Prkacin did a good job of scoring on hustle plays. He can use either hand to score off the dribble in transition. He was able to score on a strong left-handed drive on the break. He also went coast to coast off of a defensive rebound, and he used a behind the back crossover move, and a stutter step prior to score on a quick layup while getting an extra free throw another time. Plus, he also was able to draw free throws after receiving the ball on a backdoor cut to the hoop.
He also showed a solid ability to score in the post. He possesses good footwork and scoring touch, and he would often use dribble moves to score on smooth, turnaround jumpers. He also used a drop step move to score on a layup another time.
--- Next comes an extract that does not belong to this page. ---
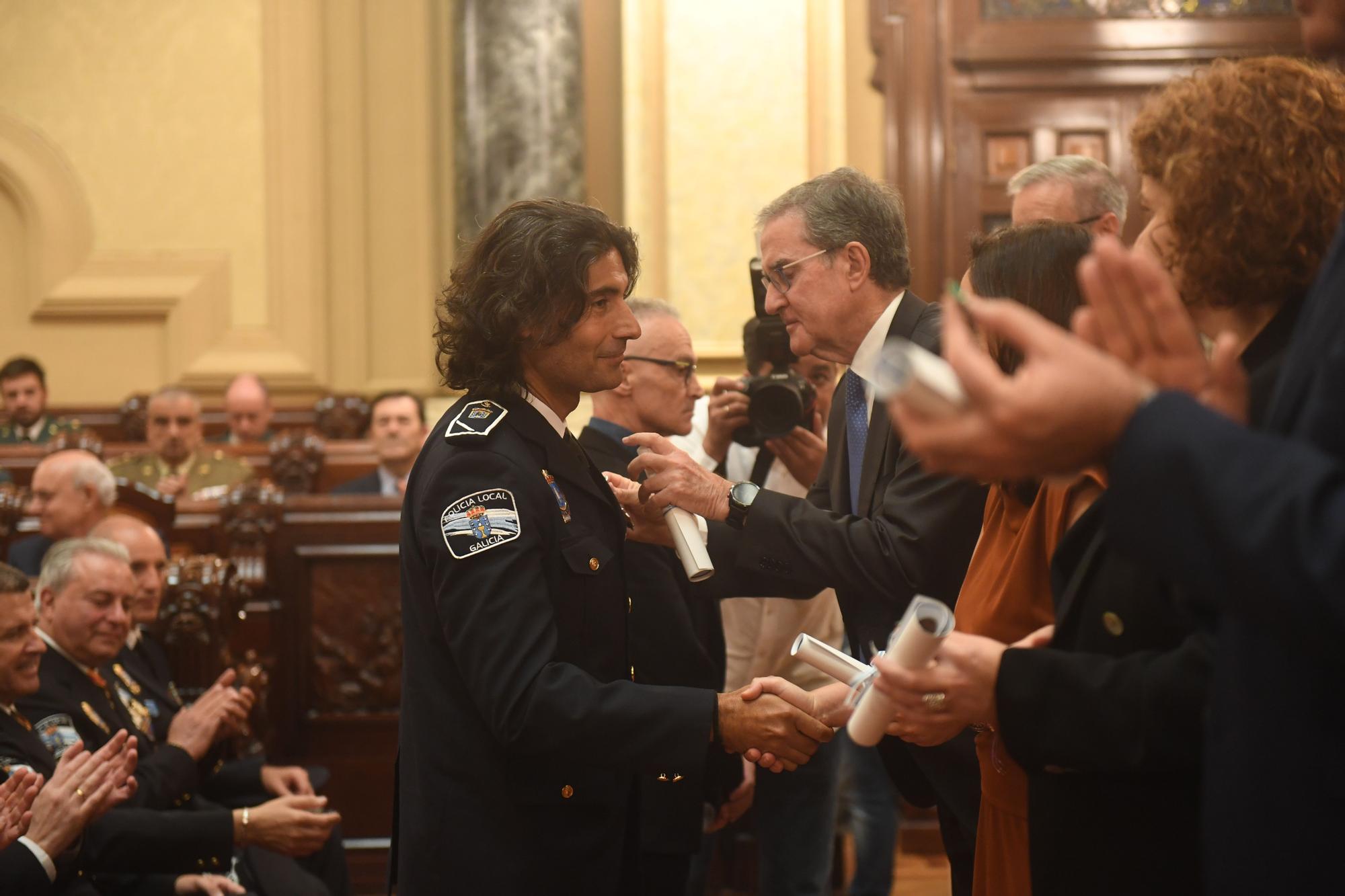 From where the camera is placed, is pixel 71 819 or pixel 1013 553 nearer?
pixel 1013 553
He did miss once on a quick, turnaround floater, but Prkacin showed a knack for scoring on quick jumpers from the block.
He also did a decent job of knocking down jumpers to help provide his team with some floor spacing on offense. Prkacin was able to use a quick hesitation move, as he sidestepped to his left to make a pull-up three from beyond the arc. However, he missed on two-other spot-up threes off the catch other times.
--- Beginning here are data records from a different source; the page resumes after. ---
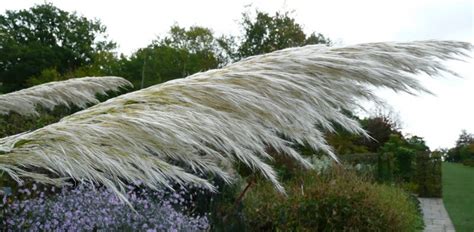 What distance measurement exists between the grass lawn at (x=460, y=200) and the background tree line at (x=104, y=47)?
6.49m

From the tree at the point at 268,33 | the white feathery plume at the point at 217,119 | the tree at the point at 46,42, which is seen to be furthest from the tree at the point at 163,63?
the white feathery plume at the point at 217,119

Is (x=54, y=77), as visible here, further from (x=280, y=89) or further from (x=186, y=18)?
(x=280, y=89)

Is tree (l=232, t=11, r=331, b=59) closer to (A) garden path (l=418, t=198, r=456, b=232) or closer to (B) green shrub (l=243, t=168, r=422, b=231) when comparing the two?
(A) garden path (l=418, t=198, r=456, b=232)

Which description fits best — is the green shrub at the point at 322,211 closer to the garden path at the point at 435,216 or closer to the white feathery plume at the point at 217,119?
the garden path at the point at 435,216

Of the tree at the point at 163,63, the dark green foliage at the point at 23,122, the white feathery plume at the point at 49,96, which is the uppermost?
the white feathery plume at the point at 49,96

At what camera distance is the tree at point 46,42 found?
2869cm

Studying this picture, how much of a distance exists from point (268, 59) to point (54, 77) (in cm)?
2123

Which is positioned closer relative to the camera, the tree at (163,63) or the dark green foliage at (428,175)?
the dark green foliage at (428,175)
Also, Prkacin displayed decent playmaking skills. He is a tall, skilled playmaker that can operate as a point forward, and he is an unselfish player that will make the extra pass to keep the ball moving. He passed the ball well from the post, and he was able to find a cutter to notch an assist due to displaying good patience and court vision that time. He also can handle the ball in the open court, and he also will set screens to help his teammates get open jump shots.
He did commit a few turnovers, but a couple of them did not seem to be his fault. He threw an entry pass that his teammate dropped to an opponent, and his teammate just botched an attempt to catch the ball early on. He also was called for an offensive foul when jostling for position off the ball, but it seemed as if his opponent clearly flopped on the play. He did throw an inaccurate pass that sailed out of bounds, as that was likely due to miscommunication, as he thought his teammate would keep running to catch the ball that time.
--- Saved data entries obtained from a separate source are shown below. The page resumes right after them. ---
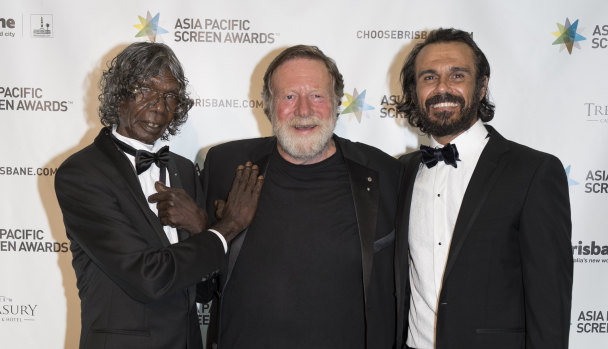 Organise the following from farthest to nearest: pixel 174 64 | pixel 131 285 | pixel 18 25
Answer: pixel 18 25 < pixel 174 64 < pixel 131 285

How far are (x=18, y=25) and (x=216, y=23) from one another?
1.26 meters

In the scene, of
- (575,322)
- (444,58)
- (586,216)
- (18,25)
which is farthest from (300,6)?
(575,322)

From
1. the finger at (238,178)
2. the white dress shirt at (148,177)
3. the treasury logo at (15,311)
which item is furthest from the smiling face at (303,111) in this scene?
the treasury logo at (15,311)

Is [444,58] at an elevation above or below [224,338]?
above

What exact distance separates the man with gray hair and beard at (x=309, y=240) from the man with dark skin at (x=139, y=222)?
0.63 feet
He also showed a satisfactory ability to rebound the basketball. Prkacin would chase down balls to help get his team rebounds, especially on the defensive side of the ball, and sometimes he would push the ball up the court afterwards. He also tipped a ball to a teammate to help his team get an offensive rebound.
Defensively, he looked to be about average at best. He seemed to struggle on this end for most of the game, but he was able to play solid defense down the stretch late in this contest. For the positives, he was able to stay with an opposing ball handler to block his shot on a turnaround jumper due to possessing solid length and timing. He also was more active in contesting jump shots as the game progressed, and he also showed the ability to quickly hedge out and switch onto opponents out on the perimeter. Sometimes though, he would over-rotate, which would lead him to commit fouls. He bumped into an opposing ball handler once, and he also fouled a shooter on a corner three to give his man free throws another time. Other times, he would give up on plays, as he would not always make the attempt to contest jump shots, which would lead him to allow opponents to score around the basket.
Overall, Roko Prkacin played fairly well in his team’s loss to Igokea. He is an athletic, skilled forward that can score the basketball, and he also is a solid ball handler. He will need to improve his rebounding and defense, but he is definitely talented enough to be drafted in the first round this year. Currently, he would project to go in the mid to late first round range, and he has the skills to thrive as a role player in the NBA.
Cibona’s 6-6, Croatian-born point guard, Lovro Gnjidic was able to get some playing time late in this game. He showed a decent ability to pass the basketball, and he is an unselfish player that can throw solid long, passes as well as handle the ball, but his teammates dropped a couple of catchable passes on rolls to the rim. He was able to draw free throws on a crafty, reverse layup off the dribble, but Gnjidic also missed on a couple of rushed layups in traffic two other times.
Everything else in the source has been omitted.